-- Opening Marker --

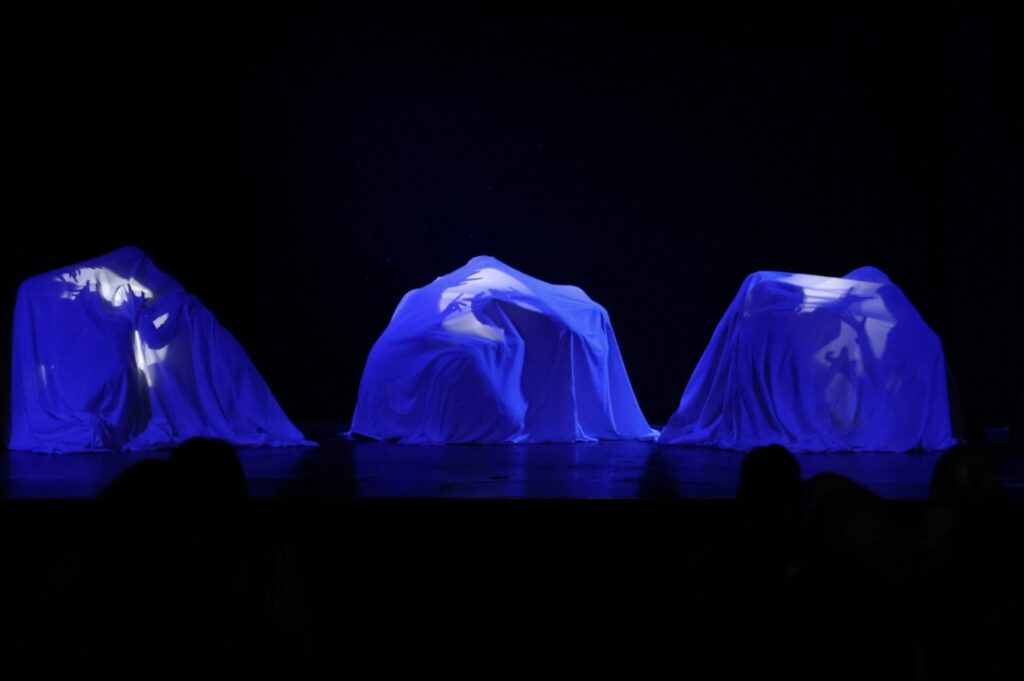 Shadows of the Stage performed by Marlborough Science Academy's Drama Company.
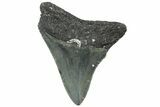 Juvenile Megalodon Tooth - North Carolina #308597-1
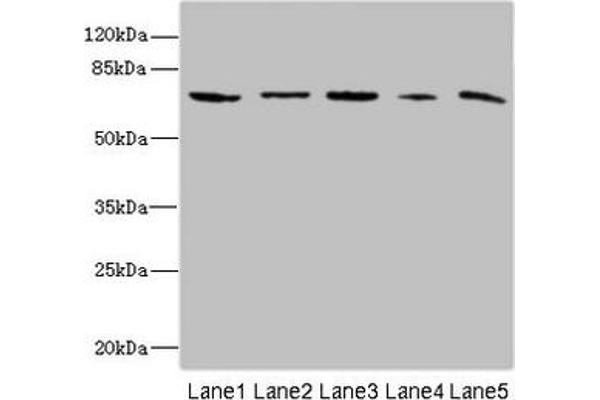 RanBP3 anticorps  (AA 1-250)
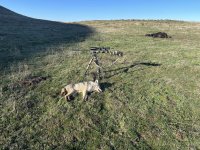 IMG_6698.jpeg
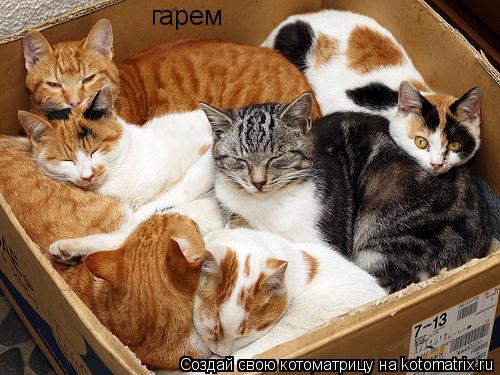 гарем... Котоматрица: гарем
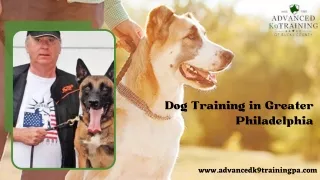 dog training in greater philadelphia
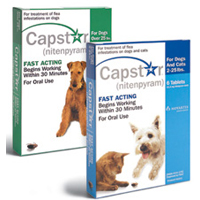 capstar - flea & tick control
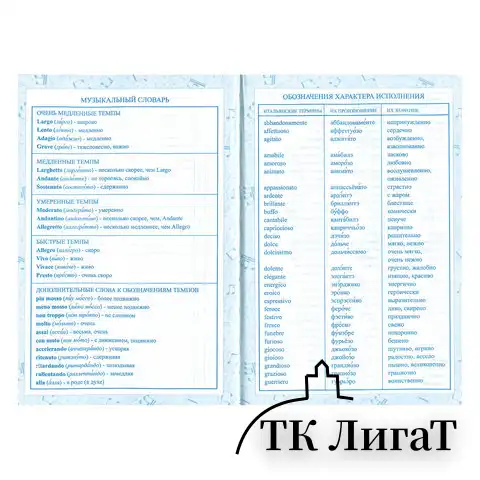 Дневник для музыкальной школы 140х210 мм, 48 л., твердый, BRAUBERG, справочный материал,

-- Closing Marker --

_Task requirements_
Omitting all images, print the listing exactly.

_Answer to this task_
 Shadows of the Stage performed by Marlborough Science Academy's Drama Company.
 Juvenile Megalodon Tooth - North Carolina #308597-1
 RanBP3 anticorps  (AA 1-250)
 IMG_6698.jpeg
 гарем... Котоматрица: гарем
 dog training in greater philadelphia
 capstar - flea & tick control
 Дневник для музыкальной школы 140х210 мм, 48 л., твердый, BRAUBERG, справочный материал,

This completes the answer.